Bunun planını, programını yapmak devletin, hükümetin görevi değil mi?
Oysa, bırakın ihtisasını tamamlamış gençlerin iş bulmasını, bugün yetişmiş, çalışmakta olan gençlerin bile işten çıkartıldığını görüyoruz.
Geçen gün bir gazetemizin manşetinde yer alan haberde; inşaat mühendisi, ABD'de işletme ve teknoloji yönetimi konusunda mastır yapmış bir gencin 8 aydır iş bulamadığı konu ediliyordu.
Etrafınıza bakın, benzerlerini çok göreceksiniz.

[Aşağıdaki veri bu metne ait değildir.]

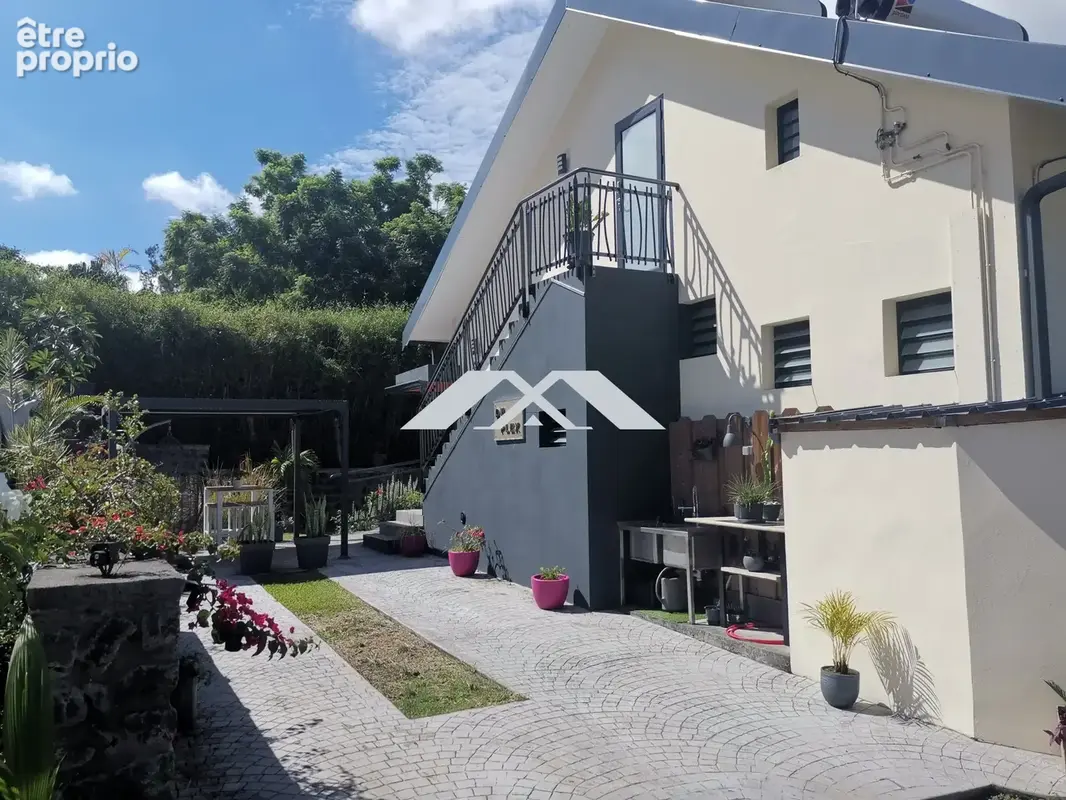 Maison 10 pièces 304 m² à vendre à Le Tampon (97430) - photo 2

Üstelik toptan işten çıkarma dalgası da her geçen gün yayılıyor.
Bunların birçoğu içtenlikle, ülke kalkınmasında rol alıp para da kazanmayı uman gençler.

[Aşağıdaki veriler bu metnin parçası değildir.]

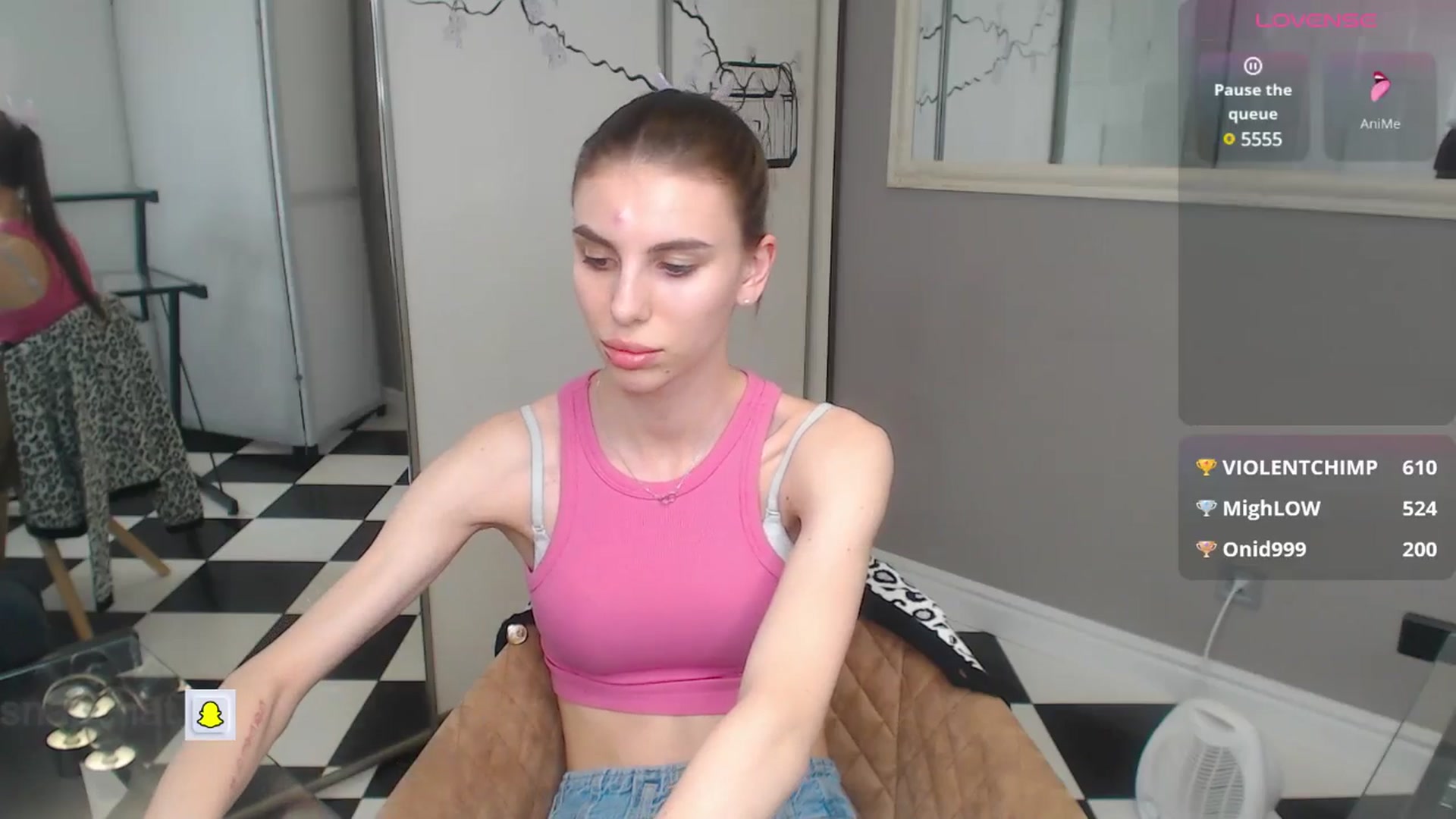 Gallery image thumbnail from Graceful_Doll's myfreecams stream on, 05/16/2025, 17:08 image 18 of 20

Bu manzara Türkiye'nin "gelişmekte olan ülke" tanımından kurtulamayacağının, "gelişmişler" safına geçemeyeceğinin göstergesi değilse nedir?

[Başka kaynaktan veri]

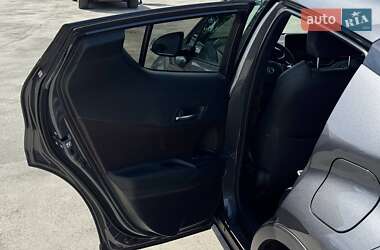 Внедорожник / Кроссовер Toyota C-HR 2018 в 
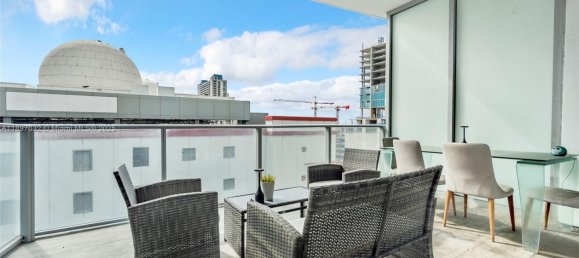 2 chambres propriété commerciale à vendre à Miami, Miami-Dade, Florida, USA № 615908 19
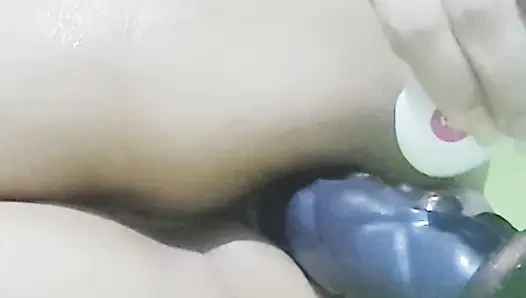 MILF Mature stepmom looks for someone to put a huge cock in her 3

Eğitimli genç işsizlerin artışında son krizin de rolü var. Birçok işyerinin kapanması, şirketlerin birleşmesi, bankaların iflası... Sadece bankacılık alanında yaşananlar bir yılda 10 bine yakın eğitimli genci işinden etti. Bunların içinde örneğin; Boğaziçi mezunu iki dil bilenler, Teknik Üniversite'yi bitirenler bile var.
Devlet İstatistik Enstitüsü'nün (DİE) 2000 yılı işgücü anketi de eğitimli gençler için durumun vahametini ortaya koyuyor.
Buna göre eğitimli genç nüfusta işsizlik oranı, haziran sonuna göre artarak, yüzde 20.2'den yüzde 20.3'e yükseldi. Bu oran, 24 yaşa kadar olan, lise ve daha yüksek eğitimli nüfusu kapsıyor. Bu gruptaki gençler arasında işsizlik oranı, kentsel kesimde yüzde 22.9 olurken, kırsal kesimde yüzde 14.1 düzeyinde bulunuyor.
Bu böyle süremez.
Ankara'nın konuyu yeni yılın bu ilk günlerinde acilen ele alıp çözüm bulması gerekir.
Eğitimli gençlerin yüzde 22.9'unun kentlerde işsiz dolaştığı bir ülkede sosyal huzursuzluklar kaçınılmaz olacaktır.